"Ando no rastro dos poetas, porém descalça... Quero sentir as sensações que eles deixam por ai"



terça-feira, 20 de novembro de 2012

Traição e semântica


Quando alguém diz, por exemplo, "João traiu Renata", a primeira coisa que me vem à cabeça é que João espalhou um segredo cabeludo que Renata havia lhe confiado, ou então que João entregou Renata para a polícia, ou ainda que João fugiu com todo o dinheiro que Renata havia economizado, que crápula.
Nunca penso que João transou com outra mulher.

Trair pressupõe que algo foi feito contra alguém. E sexo não é algo que seja feito contra uma terceira pessoa.
Sexo é sempre a favor, sempre pró, e sempre egoísta "não diz respeito a quem ficou do lado de fora do quarto".
Faz-se sexo para dar e receber prazer, e não para prejudicar quem quer que seja.
Traição é uma palavra dura demais para ser usada como sinônimo de infidelidade e adultério.

A palavra adultério é até romântica, remete à encontros clandestinos, beijos roubados, vidas secretas, roteiros de cinema, letras de samba.
O adúltero "apesar de ter que carregar este palavrão nas costas" é na verdade um alegre.

Infidelidade já é uma palavra mais burocrática, boa para ser usada em tribunais, alegar quebra de contrato.
É palavra comprida e possui um certo status, parece coisa de estelionatário graúdo, gente com conta em paraíso fiscal.
Pensando bem, conta em paraíso fiscal é uma metáfora que se aplica perfeitamente a romances paralelos.
Mas estelionato é crime, e infidelidade não é.
O infiel é um inofensivo, vende fácil seus carros usados.

Os infiéis não metem medo, os adúlteros possuem um charme boêmio, então, na falta de uma palavra mais intimidante, apela-se para "traidores", a fim de arrancar deles alguma culpa, remorso, vergonha.
Mas que ninguém se engane: a palavra traição está combinando cada vez menos com a realidade sexual vigente.
Ninguém está batendo palmas aqui para a poligamia.
Estou apenas refletindo sobre a adequação e a inadequação de certos vocábulos.
Traição? Convém enfrentar os revezes amorosos sem mexicanizar demais a cena.

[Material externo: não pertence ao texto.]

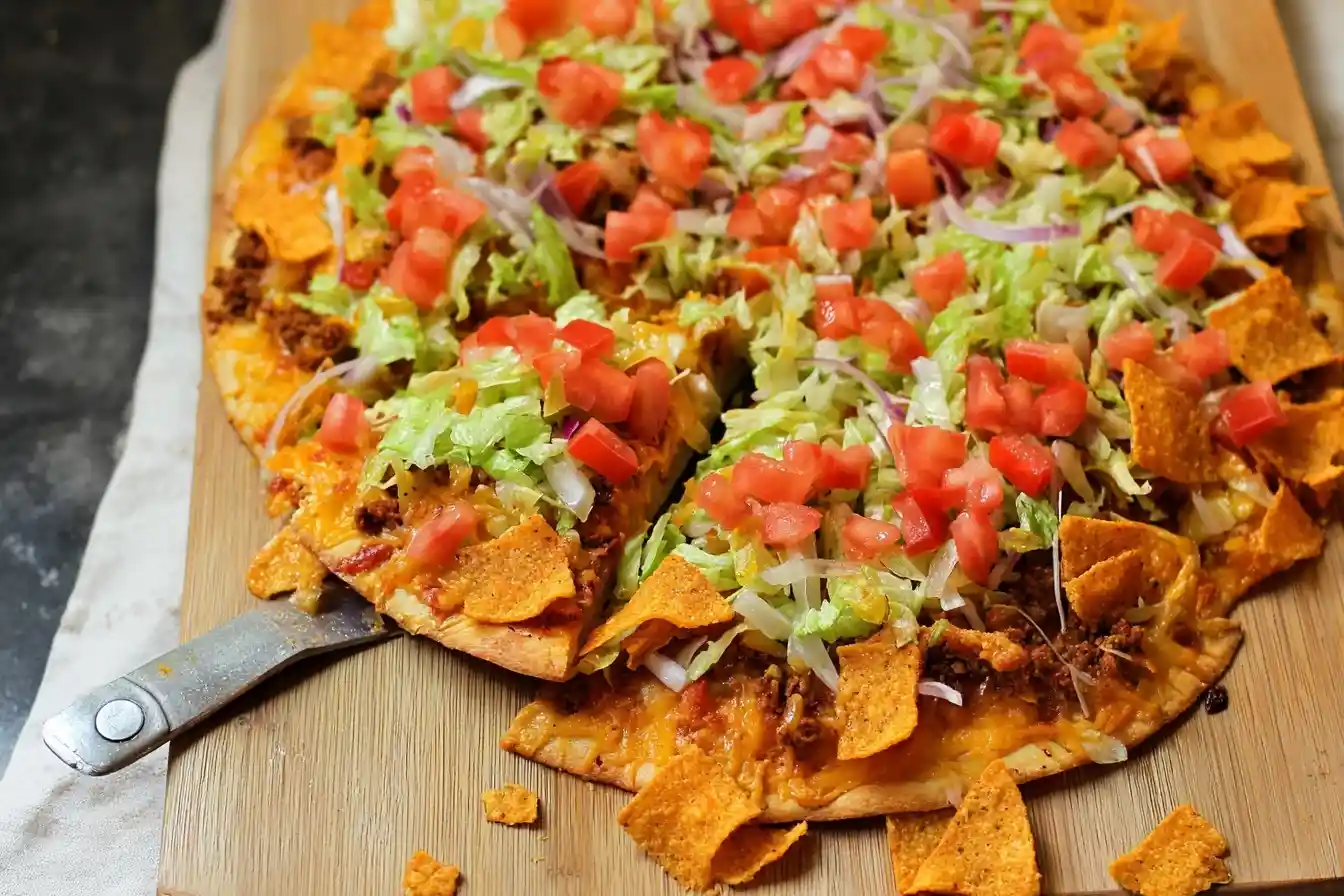 A delicious taco pizza on a wooden board, topped with lettuce, tomatoes, and chips, with one slice being served.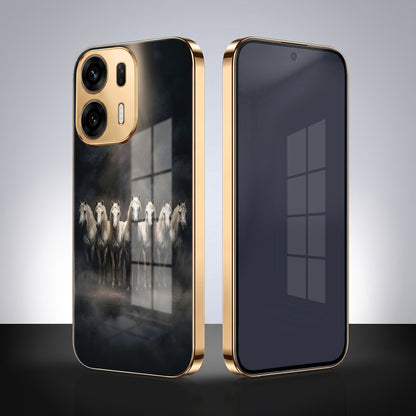 Oppo K14 Plus 5G Running Horses Gold Electroplated Glass Phone Back Case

No início de todo romance, homens e mulheres se satisfazem plenamente um com o outro, mas com o passar do tempo a relação passa a satisfazer apenas parcialmente, e parcialmente pode ser mais que suficiente quando inclui amizade, cumplicidade, diversão, leveza.
Porém, a parte que começa a faltar "a sedução" deixa o campo aberto para novas experiências, que podem acontecer ou não.
Nada disso tem a ver com desamor.
Pode-se amar alguém e sucumbir a uma aventura.
Não estou dizendo nenhuma novidade, estou?
Há algum inocente no recinto?

Toda traição pega você desprevenido.
A infidelidade, ao contrário, é sempre uma possibilidade, mesmo quando parece improvável.
E não, não há nenhum inocente no recinto.